What to produce
Show every line of the data below that includes the word "online".
[Material supplied Boundary: Start]
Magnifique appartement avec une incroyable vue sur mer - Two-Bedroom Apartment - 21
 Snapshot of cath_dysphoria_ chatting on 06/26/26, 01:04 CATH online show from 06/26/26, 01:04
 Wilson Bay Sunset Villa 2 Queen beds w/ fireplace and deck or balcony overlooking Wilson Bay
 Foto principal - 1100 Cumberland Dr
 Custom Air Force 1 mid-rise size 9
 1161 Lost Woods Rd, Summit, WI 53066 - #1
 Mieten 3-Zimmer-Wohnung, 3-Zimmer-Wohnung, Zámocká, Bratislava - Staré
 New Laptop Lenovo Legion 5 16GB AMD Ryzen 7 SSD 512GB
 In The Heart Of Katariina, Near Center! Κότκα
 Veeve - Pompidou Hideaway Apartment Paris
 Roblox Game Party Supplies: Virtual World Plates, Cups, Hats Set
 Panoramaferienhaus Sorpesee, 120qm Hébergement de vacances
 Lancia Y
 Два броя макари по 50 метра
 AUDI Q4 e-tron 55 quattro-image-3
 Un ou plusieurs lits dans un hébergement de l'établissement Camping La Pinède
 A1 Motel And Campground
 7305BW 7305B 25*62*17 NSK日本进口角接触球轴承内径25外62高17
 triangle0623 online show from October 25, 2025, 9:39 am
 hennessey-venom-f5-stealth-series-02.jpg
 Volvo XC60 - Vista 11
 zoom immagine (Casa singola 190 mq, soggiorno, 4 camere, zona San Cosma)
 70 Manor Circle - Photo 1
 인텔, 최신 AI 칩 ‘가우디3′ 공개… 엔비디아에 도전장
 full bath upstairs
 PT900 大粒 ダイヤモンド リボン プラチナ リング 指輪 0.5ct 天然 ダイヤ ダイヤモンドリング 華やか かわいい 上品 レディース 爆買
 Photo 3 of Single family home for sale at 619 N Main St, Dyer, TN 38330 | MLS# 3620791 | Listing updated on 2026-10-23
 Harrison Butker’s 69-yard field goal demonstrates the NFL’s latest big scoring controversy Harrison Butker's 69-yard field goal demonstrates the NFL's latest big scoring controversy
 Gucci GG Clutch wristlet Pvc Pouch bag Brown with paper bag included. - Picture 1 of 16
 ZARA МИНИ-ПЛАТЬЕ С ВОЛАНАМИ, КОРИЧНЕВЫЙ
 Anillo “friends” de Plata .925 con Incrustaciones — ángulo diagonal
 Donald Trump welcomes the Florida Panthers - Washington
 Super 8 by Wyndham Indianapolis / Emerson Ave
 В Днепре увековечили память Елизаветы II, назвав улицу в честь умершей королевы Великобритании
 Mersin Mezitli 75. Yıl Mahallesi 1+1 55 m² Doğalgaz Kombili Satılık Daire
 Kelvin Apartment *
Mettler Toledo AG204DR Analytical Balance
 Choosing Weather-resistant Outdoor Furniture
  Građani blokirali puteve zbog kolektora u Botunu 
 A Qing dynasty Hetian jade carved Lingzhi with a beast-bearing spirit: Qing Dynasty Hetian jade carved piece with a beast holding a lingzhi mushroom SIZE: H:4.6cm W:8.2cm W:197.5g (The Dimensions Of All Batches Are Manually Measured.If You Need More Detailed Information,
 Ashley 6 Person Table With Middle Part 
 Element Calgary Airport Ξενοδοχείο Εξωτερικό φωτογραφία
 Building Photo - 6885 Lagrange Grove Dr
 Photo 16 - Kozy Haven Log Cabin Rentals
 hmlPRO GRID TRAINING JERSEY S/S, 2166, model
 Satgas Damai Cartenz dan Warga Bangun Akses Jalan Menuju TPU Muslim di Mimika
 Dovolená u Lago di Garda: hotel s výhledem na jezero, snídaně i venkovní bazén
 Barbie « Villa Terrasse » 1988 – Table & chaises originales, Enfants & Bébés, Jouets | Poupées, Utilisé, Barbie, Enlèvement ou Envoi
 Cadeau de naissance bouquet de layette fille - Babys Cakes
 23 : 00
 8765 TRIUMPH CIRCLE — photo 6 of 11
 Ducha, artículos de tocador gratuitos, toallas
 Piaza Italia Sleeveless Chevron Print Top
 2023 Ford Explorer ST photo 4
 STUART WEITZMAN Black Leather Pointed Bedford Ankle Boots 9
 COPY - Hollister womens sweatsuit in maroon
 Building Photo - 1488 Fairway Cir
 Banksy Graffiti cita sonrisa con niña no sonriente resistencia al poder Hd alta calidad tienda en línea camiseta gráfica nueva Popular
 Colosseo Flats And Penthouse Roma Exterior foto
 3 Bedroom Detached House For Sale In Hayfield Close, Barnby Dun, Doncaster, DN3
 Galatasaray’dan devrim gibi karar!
[Material supplied Boundary: End]
Result of the exercise
 Snapshot of cath_dysphoria_ chatting on 06/26/26, 01:04 CATH online show from 06/26/26, 01:04
 triangle0623 online show from October 25, 2025, 9:39 am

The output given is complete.